**STUDY MATERIAL:**
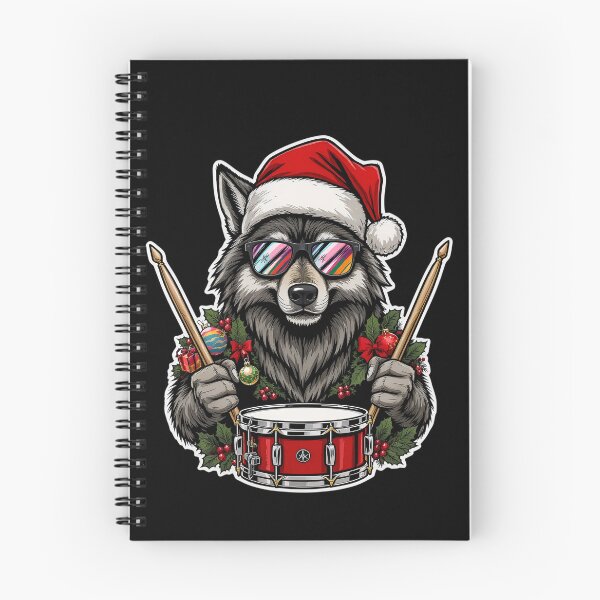 Item preview, Christmas Wolf Drummer | Holiday Beat Howler designed and sold by ColorSplash123.
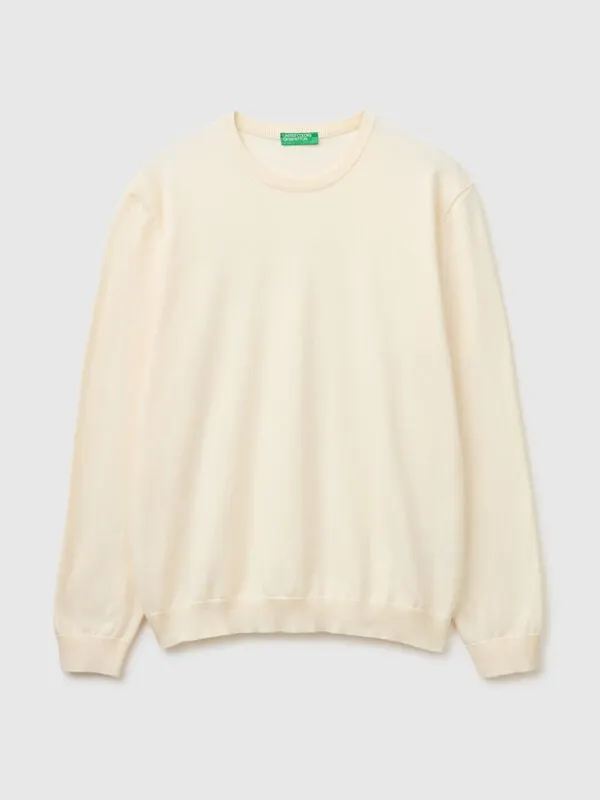 100% cotton crew neck sweater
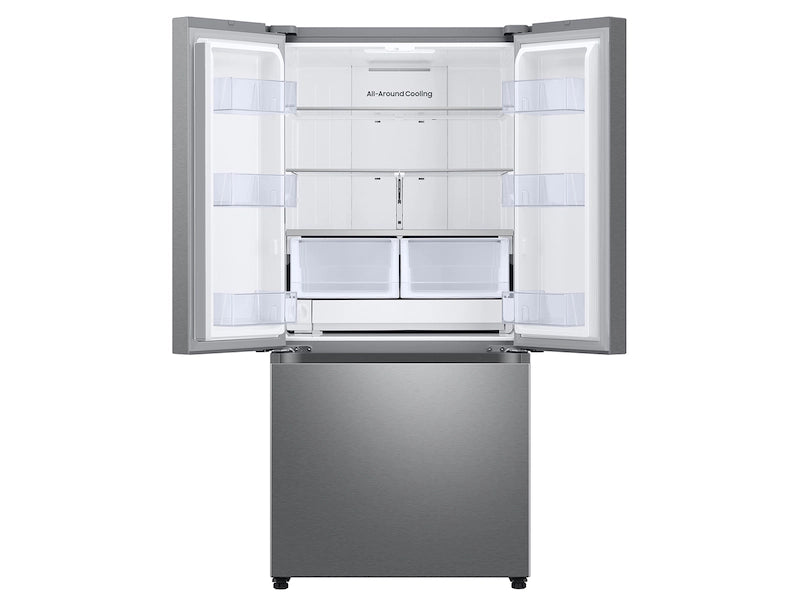 25 cu. ft. 33" 3-Door French Door Refrigerator with Dual Auto Ice Maker in Stainless Steel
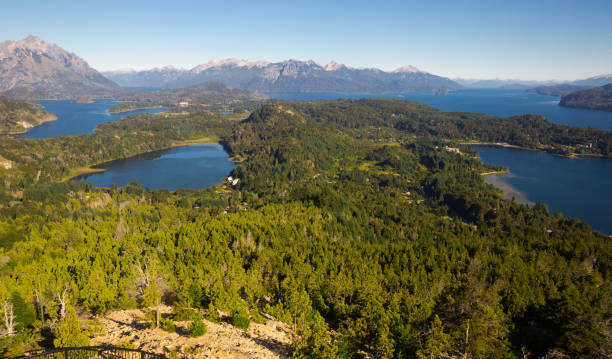 istock Lago Nahuel Huapi and Cerro Campanario 862620538
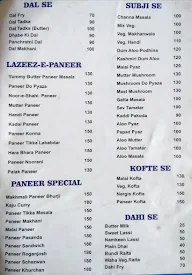 Manoj's Kake Di Hatti menu 2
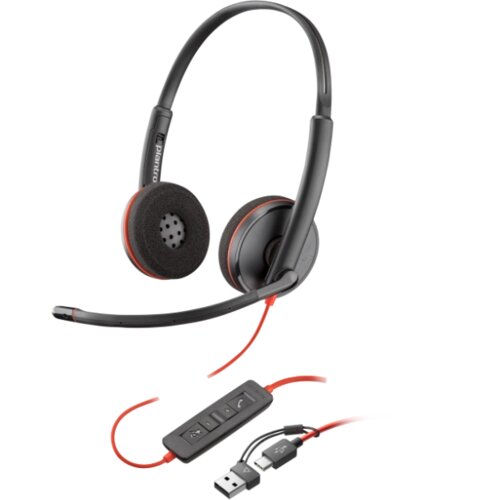 Poly Plantronics Blackwire C3210 USB-C/A &ndash; profesionalne slu&scaron;alke z mikrofonom 8X2J9A6 (209749-104), (5000368244) Cene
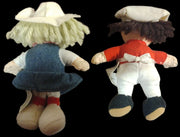 Vintage Set of 4 Different Campbell Kids Girl Soup Dolls Fridge Decor Magnets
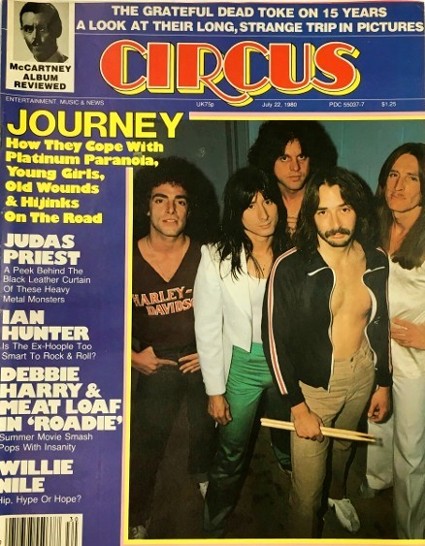 Journey cover image CIRCUS Magazine Official Website the legerndary rock music magazine Gerald Rothberg ownfer - founder. Est 1966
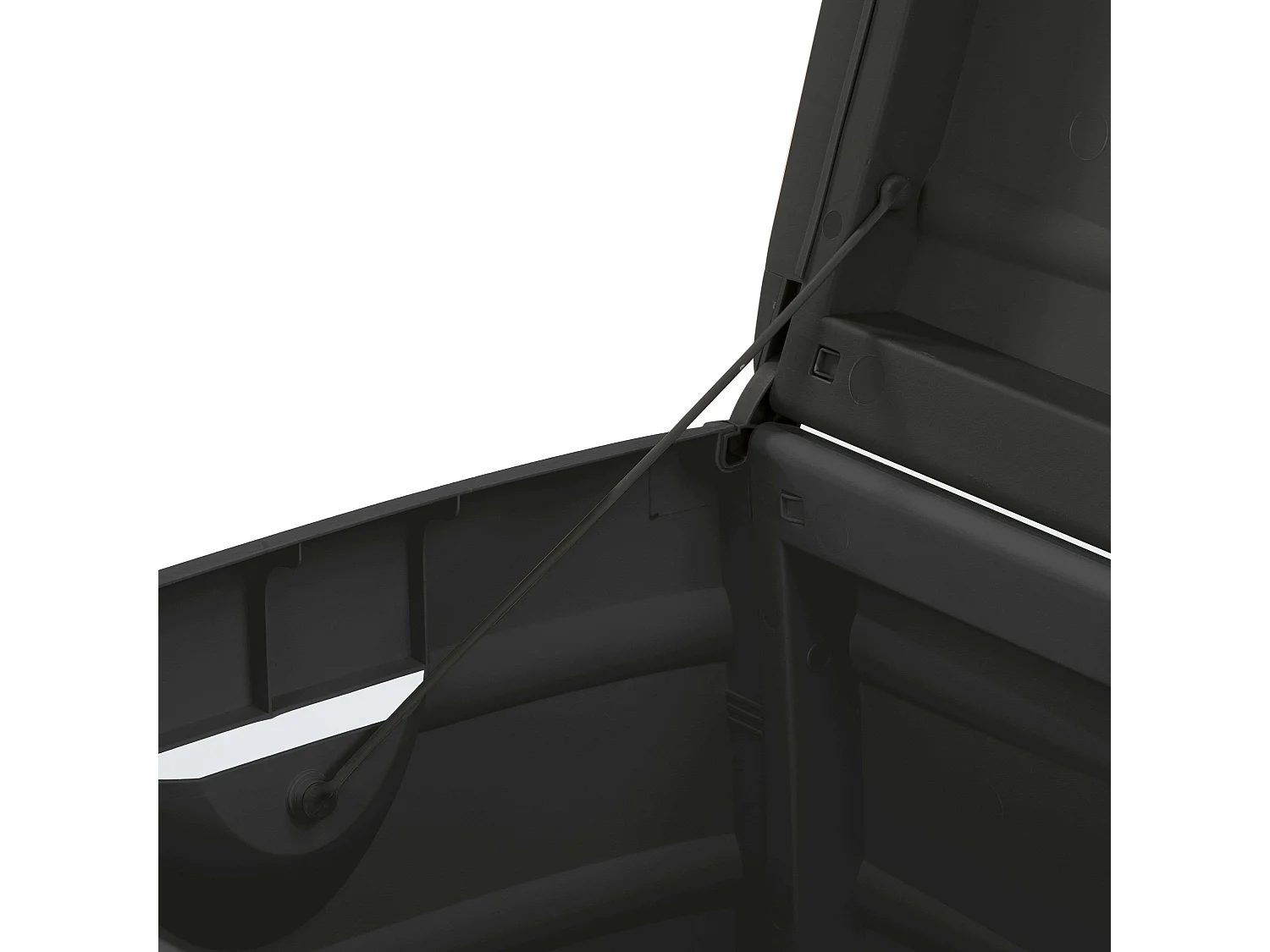 Coffre gain de place ext. résine noire 260L 80x61x53 cm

**PROMPT:**
Your task is to retype exactly, and only, the lines from the one that holds "in Stainless Steel" through the end of the listing, both end lines included, without any pictures.

**TASK SOLUTION:**
 25 cu. ft. 33" 3-Door French Door Refrigerator with Dual Auto Ice Maker in Stainless Steel
 istock Lago Nahuel Huapi and Cerro Campanario 862620538
 Manoj's Kake Di Hatti menu 2
 Poly Plantronics Blackwire C3210 USB-C/A &ndash; profesionalne slu&scaron;alke z mikrofonom 8X2J9A6 (209749-104), (5000368244) Cene
 Vintage Set of 4 Different Campbell Kids Girl Soup Dolls Fridge Decor Magnets
 Journey cover image CIRCUS Magazine Official Website the legerndary rock music magazine Gerald Rothberg ownfer - founder. Est 1966
 Coffre gain de place ext. résine noire 260L 80x61x53 cm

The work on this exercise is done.